#### [ABOUT THIS EXERCISE]
For this exercise, copy exactly every line from the one holding "24seven Comfort Apparel" through the end of the data, both included. Omit pictures.

#### [RECORDED INFORMATION]

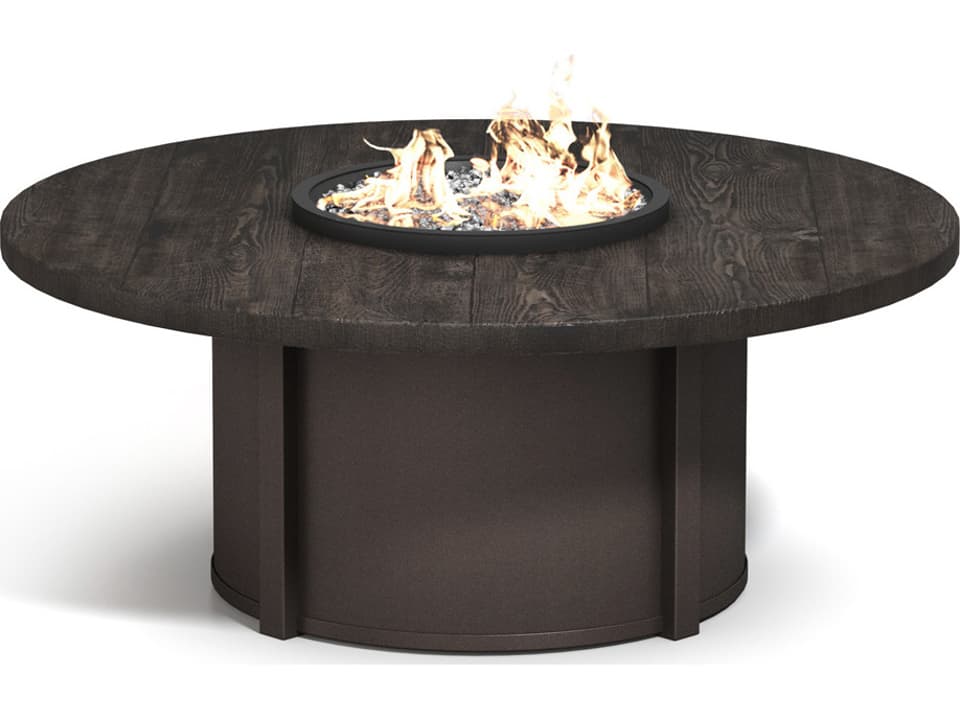 Timber Faux Wood Aluminum Round Outdoor Patio Fire Pit Table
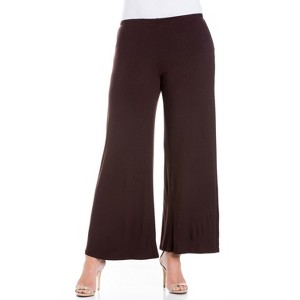 24seven Comfort Apparel Women's Plus Women's Plus Wide-leg Palazzo Pants - 1 of 4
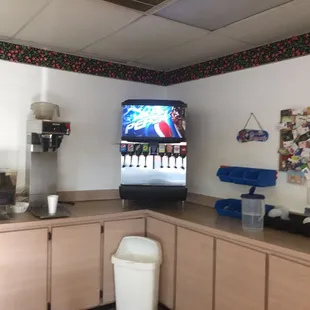 a tv in the corner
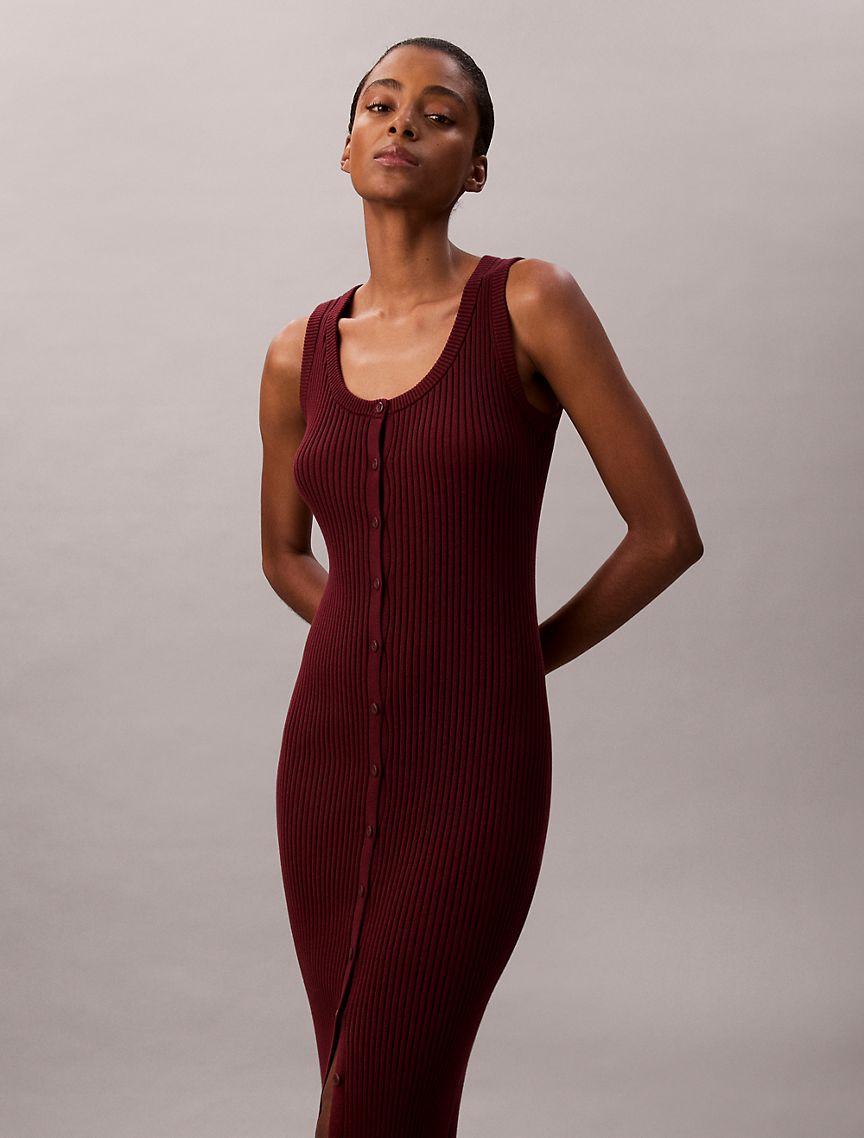 Smooth Cotton Rib Slim Midi Dress Product Image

#### [OUTPUT BELOW]
 24seven Comfort Apparel Women's Plus Women's Plus Wide-leg Palazzo Pants - 1 of 4
 a tv in the corner
 Smooth Cotton Rib Slim Midi Dress Product Image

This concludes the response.